-- REQUIRED ACTION --
Line for line, return the data exactly, omitting all pictures.

(GIVEN DATA begins)

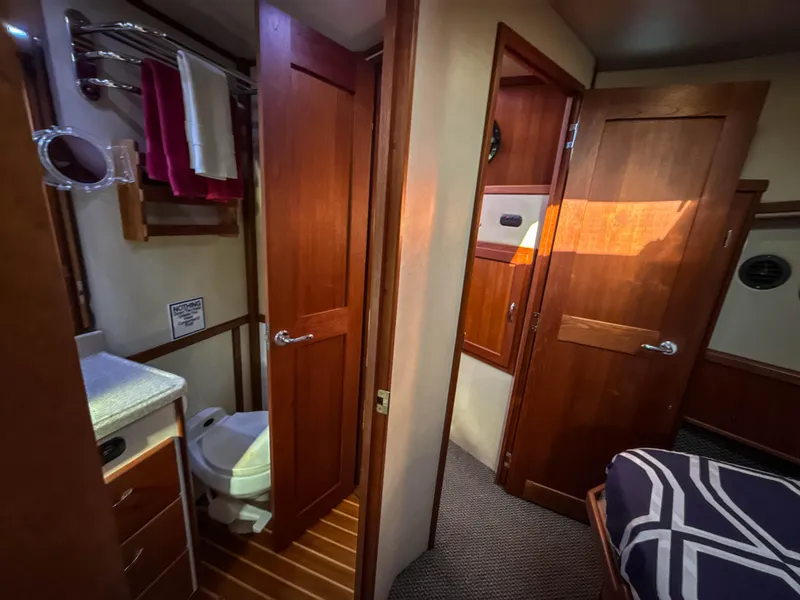 Slide: The Image of Master Port Ensuite - 34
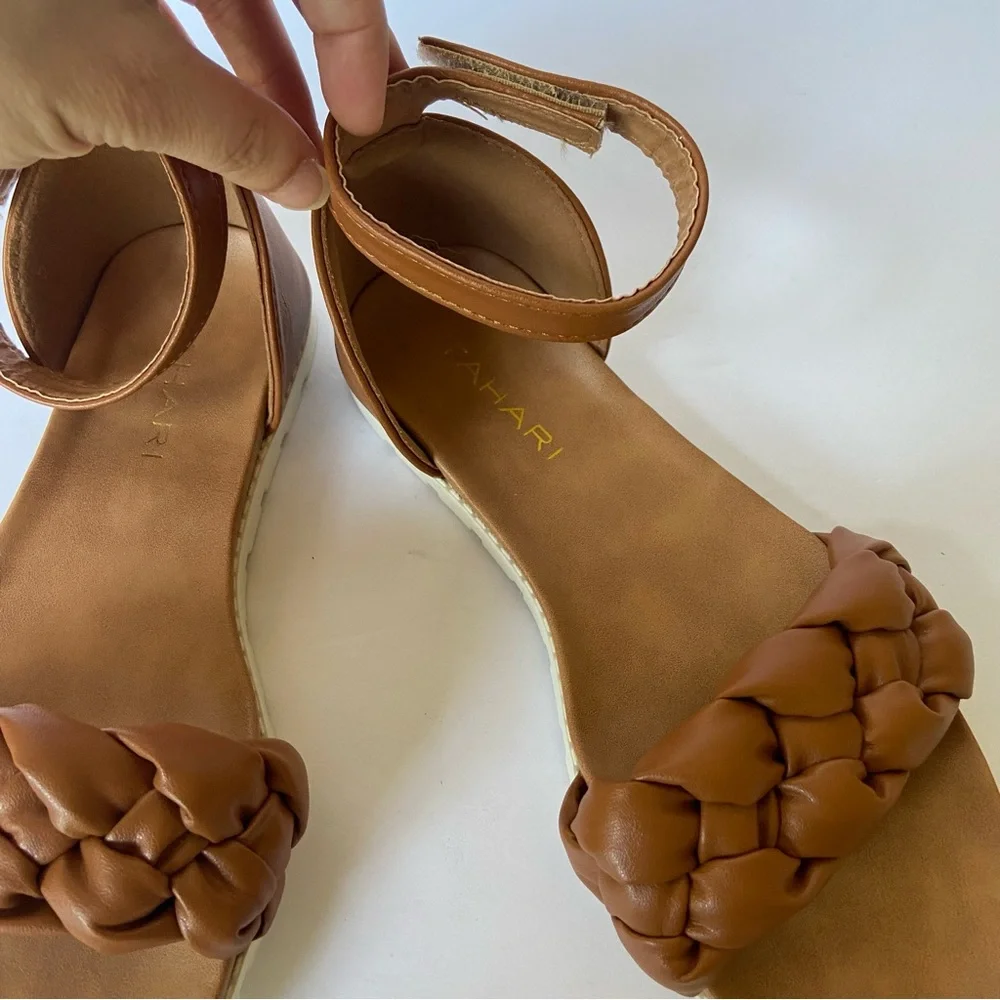 Tahari Braided Brown Sandal Kids Size 2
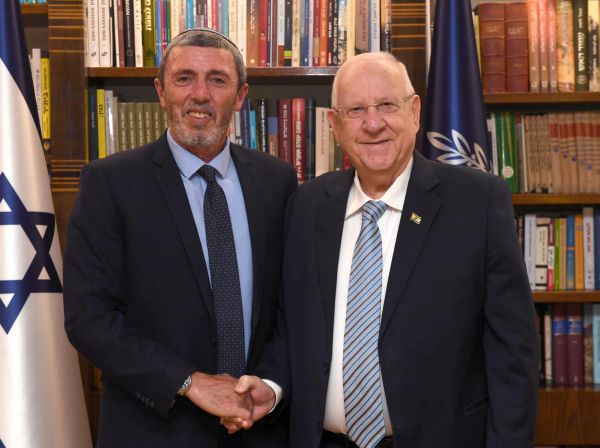 הנשיא ריבלין נפגש כעת עם יו"ר הבית היהודי השר רפי פרץ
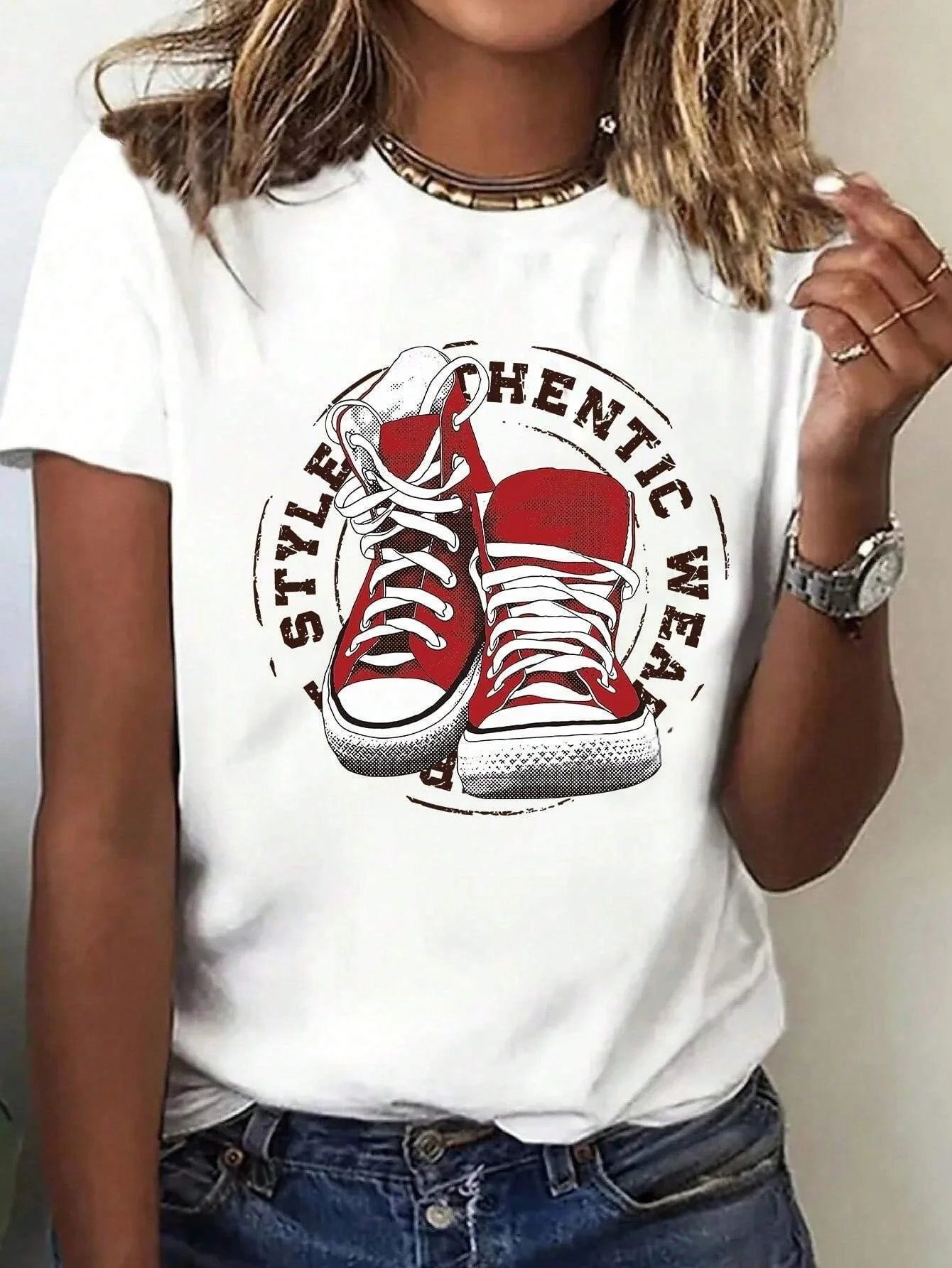 T-shirt con scarpe di tela, stile casual e versatile, adatta per l'uso quotidiano e da gita delle donne in estate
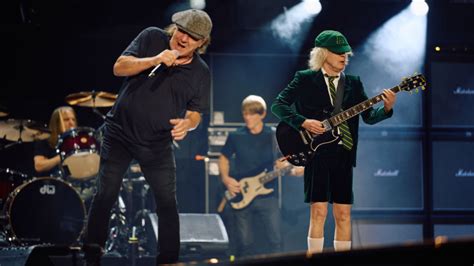 Acdc Así Fue El Primer Concierto De La Banda Del Power Up Tour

(GIVEN DATA ends)

-- YOUR SOLUTION --
 Slide: The Image of Master Port Ensuite - 34
 Tahari Braided Brown Sandal Kids Size 2
 הנשיא ריבלין נפגש כעת עם יו"ר הבית היהודי השר רפי פרץ
 T-shirt con scarpe di tela, stile casual e versatile, adatta per l'uso quotidiano e da gita delle donne in estate
 Acdc Así Fue El Primer Concierto De La Banda Del Power Up Tour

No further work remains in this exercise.